A police summary of facts said the amount of money wired overseas by Dixon "potentially sourced up to 35 kilograms of cocaine".

The retail price in the US for cocaine is up to US$100 ($138) per gram, and for crack cocaine up to US$150 per gram.

Dixon has previously been convicted and sentenced for importing cocaine after he returned from a trip to South America on March 29, 2014, court documents show.

He was searched at Auckland Airport and found to have 97.5g of cocaine packed in a condom inside his boxer shorts.

In April 2015, he was sentenced to seven months' home detention and 150 hours' community work.

However, he was arrested just months later, when the Crown claimed Dixon was involved in a much wider cocaine importation operation in late 2014 to mid-2015.

Dixon has since pleaded guilty to seven new drug charges, including importing cocaine. He is awaiting sentencing in the High Court.

He said while he was in South America he made contacts with people involved in the cocaine trade in Colombia, court documents show.

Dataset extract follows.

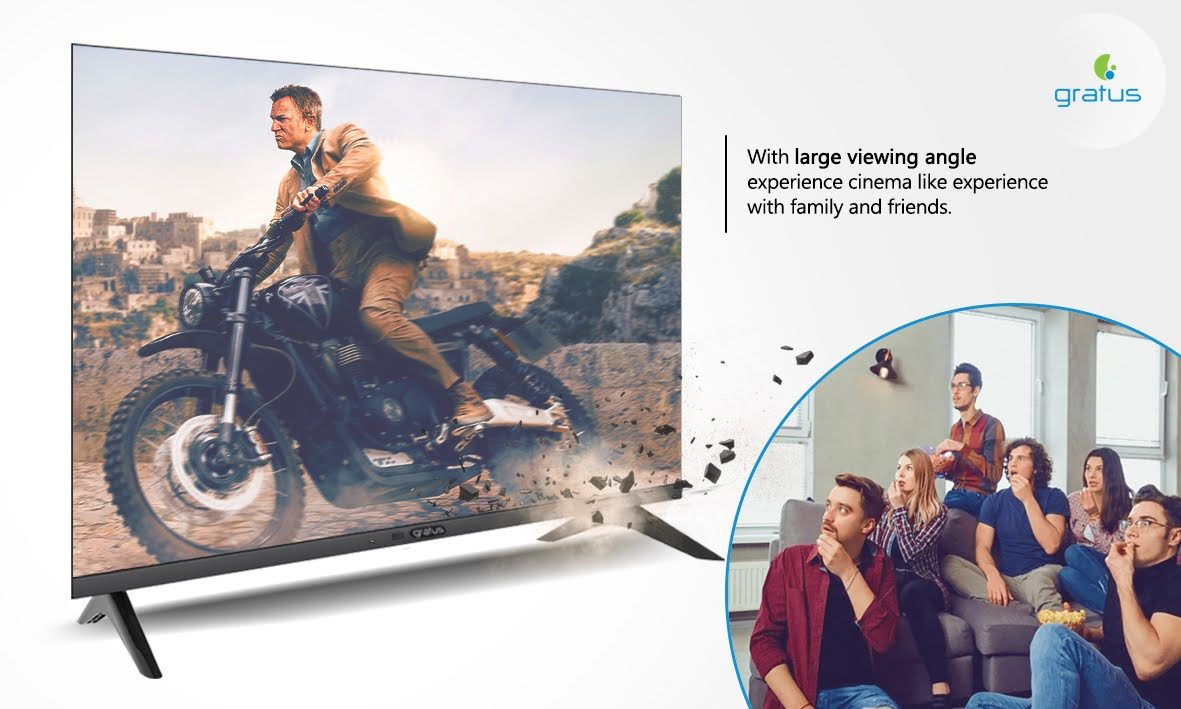 Gratus 55" WebOS Powered 4K Edgeless UHD Smart LED TV with ThinQ AI image 5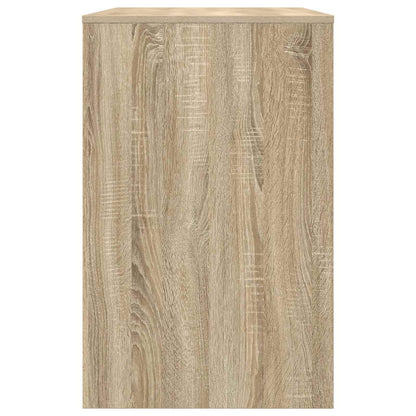 vidaXL Desk with Drawer Sonoma Oak 100 x 50 x 78 cm Engineered Wood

The Crown, backed with evidence from a former New York Drug Enforcement Administration (DEA) special agent, said Dixon sent about $152,000 in wire transfers from New Zealand to pay for Colombian cocaine.

Dixon admitted the currency transactions, between January 20 and April 23, 2015, mostly through Western Union to Hong Kong and Panama.

The money was sent to people with Colombian passports.

After Dixon was arrested on July 2, 2015 he said he made the transactions because he was investing in US currency, and the money sent via Western Union to South America was for friends travelling there.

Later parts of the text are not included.